In the past week the weather has bounced from winter to spring – the ‘winterless winter’
as a member of Blue Canoe Writer’s Group phrased it last night. Swan Lake, in a little valley below our house, froze over enough for ice skating on the weekend (it went down to -6 celsius). On Saturday afternoon it was packed with parents and kids (some wobbling on their skates, some graceful), slithering excited dogs, the end of an ice hockey game. Light snow dusted the surface, the skaters carved patterns in it. Saturday night, in the dark, it was teenagers gracefully skimming the ice, some out on the lake with headlamps glimmering, some close to the shore where the street lights bounced down. Sunday morning it was deserted. The snow dust had melted off, the ice was dark and slick and forbidding, too thin to support human weight. This morning I woke to grey, drizzly warmth and the lake looking decidedly watery. It’s six degrees. That was probably the one day of the season that Sitkans could ice skate.
I’m having a completely different experience to my usual writing retreat. I’ve had quite a few of them in the past and they’ve involved writing marathons – mostly solitary times where I’ve gone deeply into the writing and produced many pages of work. Last time I was in Sitka – seven years ago – I wrote thousands of words and in fact finished the first draft of The Raven’s Heart. Yes, I met people and participated in community life, but there were many long days at the desk and some loneliness through being so deeply in the work (and having many nights alone).
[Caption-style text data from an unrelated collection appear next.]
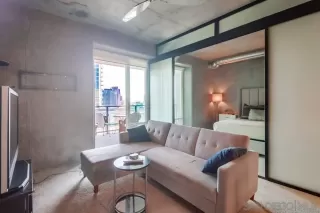 Photo #4: 240001199 Listing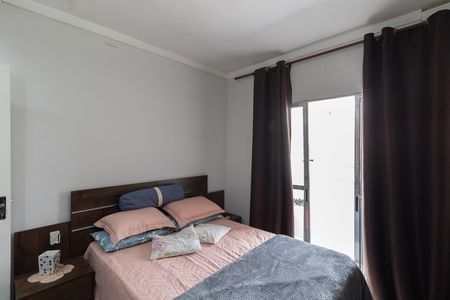 Suíte de casa para alugar com 2 quartos, 65m² em Jardim das Oliveiras, São Paulo
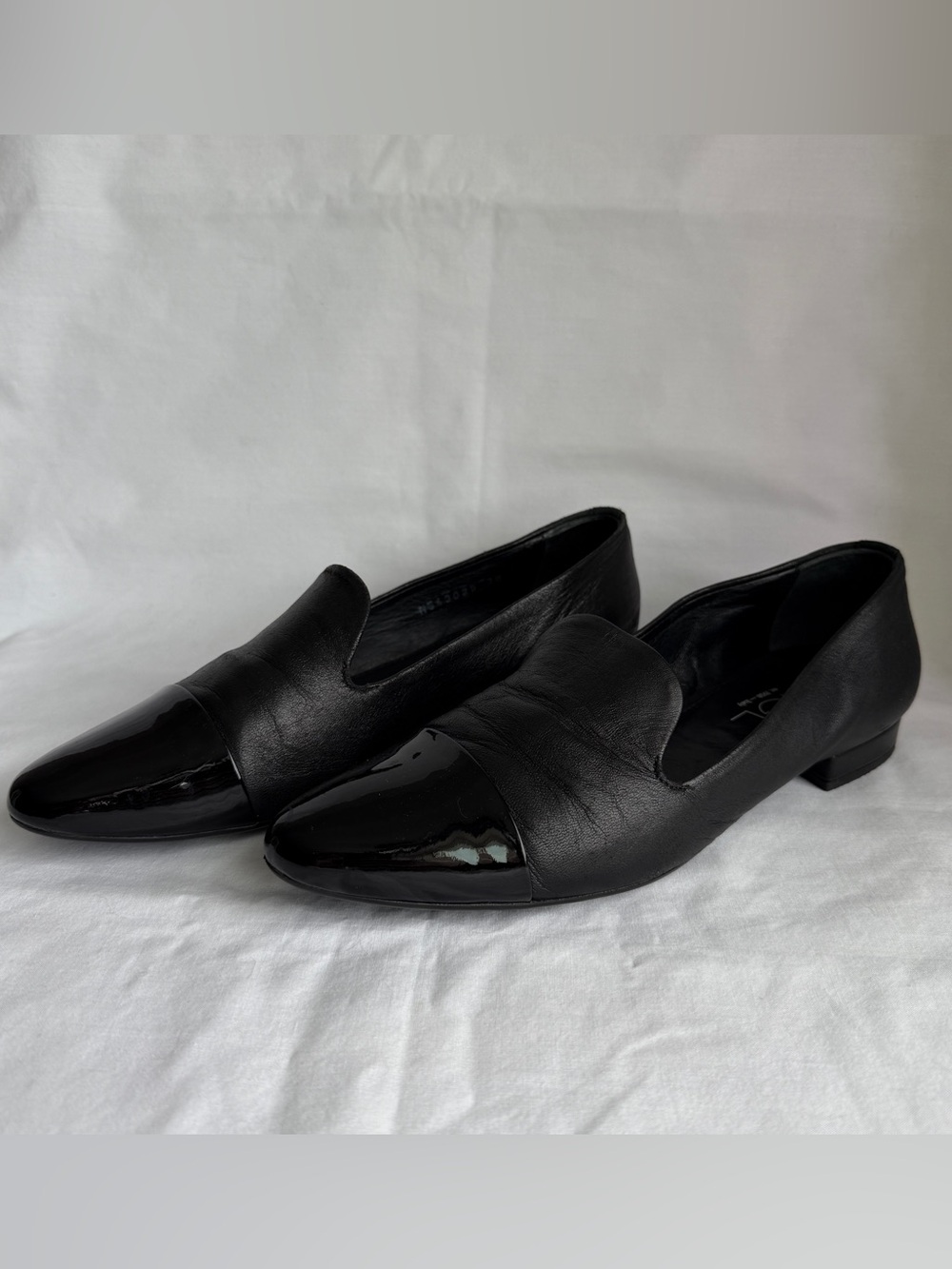 AGL Flats Loafers Patent Pointy Toe Black Sz 38 / 7.5 US Office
This time I’m here with Carol, my beloved aunt, and everything is different. Firstly – no loneliness. Having a buddy means I’ll go out to the pub or out to eat dinner – things I’d hesitate to do by myself. Secondly, there’s camaraderie in the work. In the mornings we’re often both tapping away at the keyboards in the wide-windowed room of 402 Hemlock St, looking down at the lake and across to the mountains known as ‘The Sisters’. We scamper out together, walking through the forested cemetery to the Back Door Café or Larkspur Cafe for coffee and bread pudding or berry pie. We walk together through the forest down at the sea, or along the Sitka Cross Trail in the woods. We talk about what we’re working on, and we’ve started reading it to each other.
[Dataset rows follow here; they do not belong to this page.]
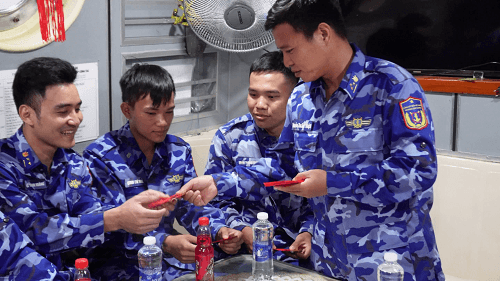 Đón giao thừa giữa trùng khơi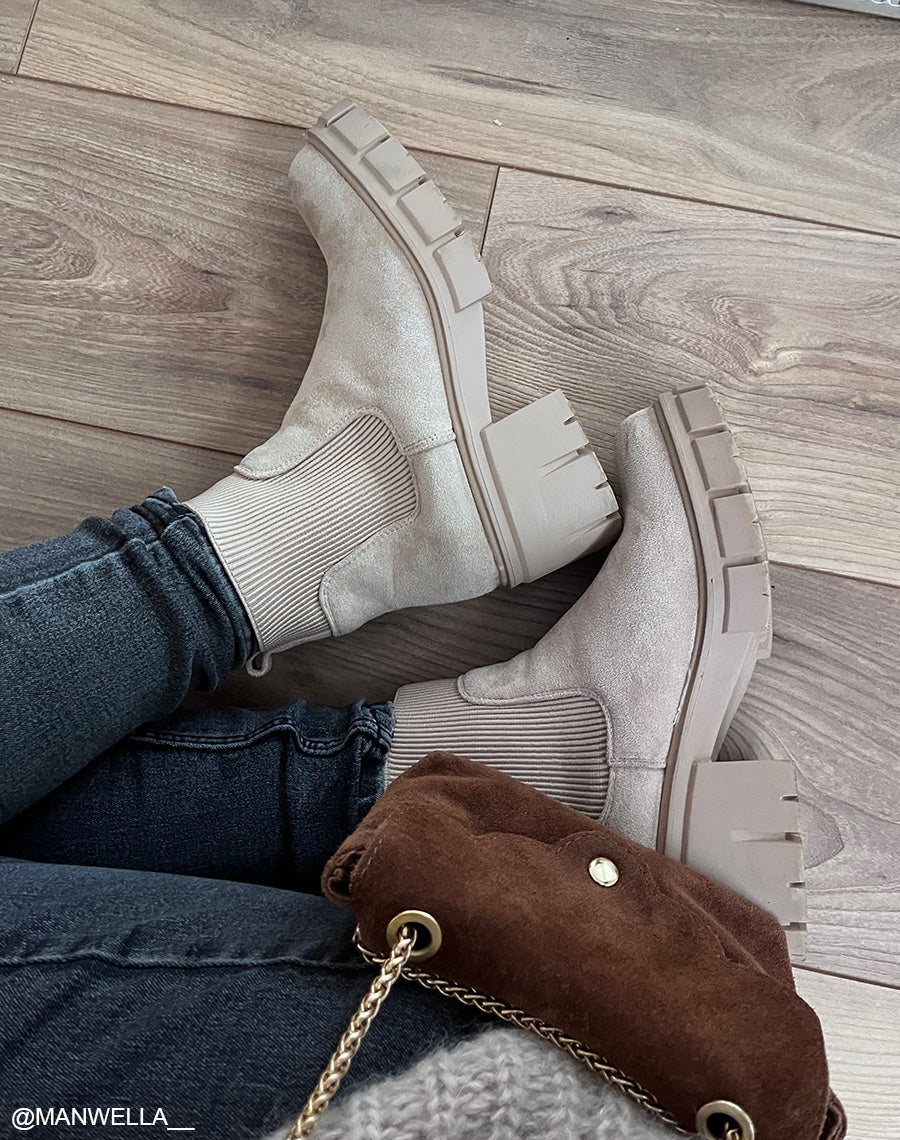 Bottines beiges en suédine style chelsea à semelle crantée talonnée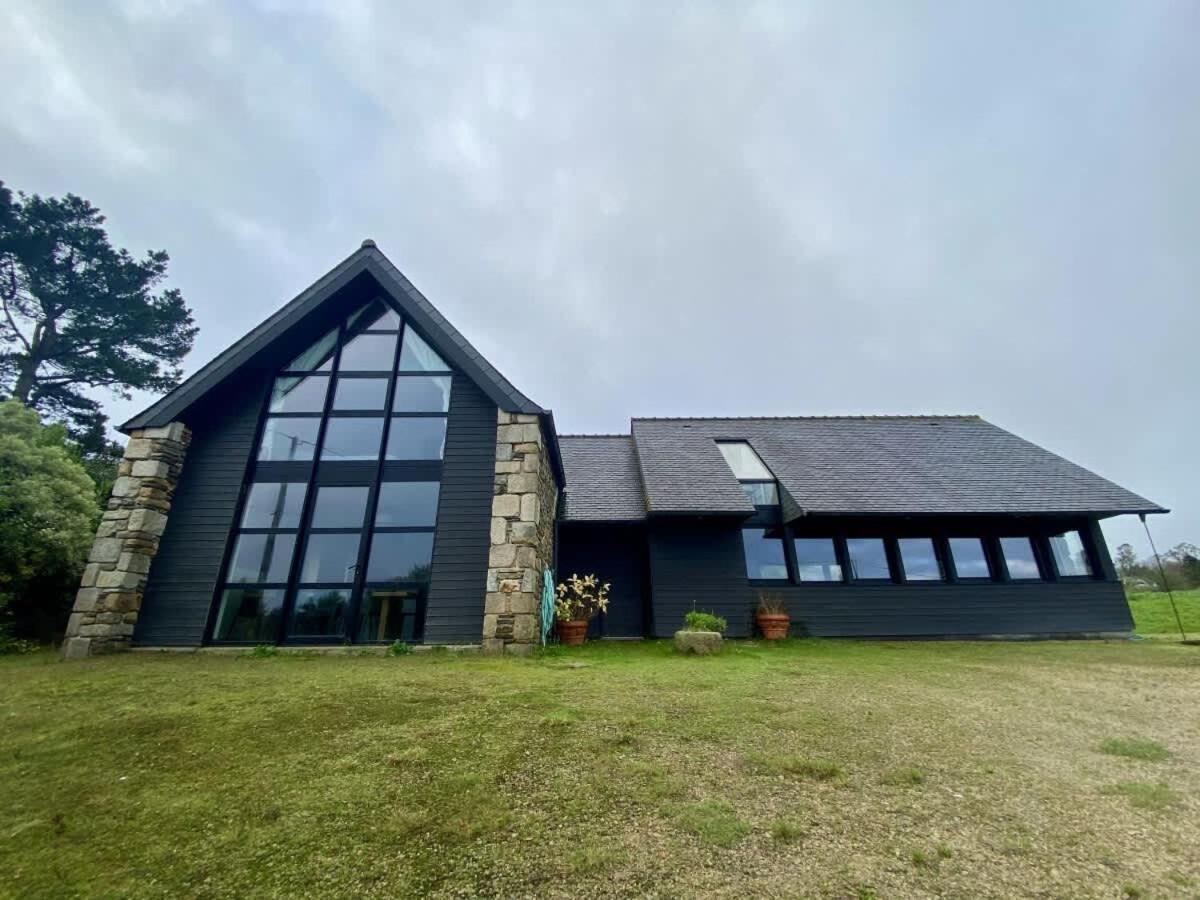 Large With Garden And Sea View For 8 People Locquenole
But thirdly – and this is largely to do with Carol – the days are full of remarkable meetings. She arrived here deeply committed to paying respect to the local indigenous people and, if possible, sharing culture with them – having spoken about this at length to her indigenous teacher and long time friend in Australia, Uncle Max (Dulamunmun) Harrison, an elder of the Yuin Nation. Carol made the at times difficult effort to find and connect with people from the Tlingit culture of Sitka to pay her respects. Her willingness to do this – and to ask permission from traditional owners for us to be here – was inspiring to me and encouraged me to not always settle for the easy path. And as a result we have found ourselves warmly and generously welcomed.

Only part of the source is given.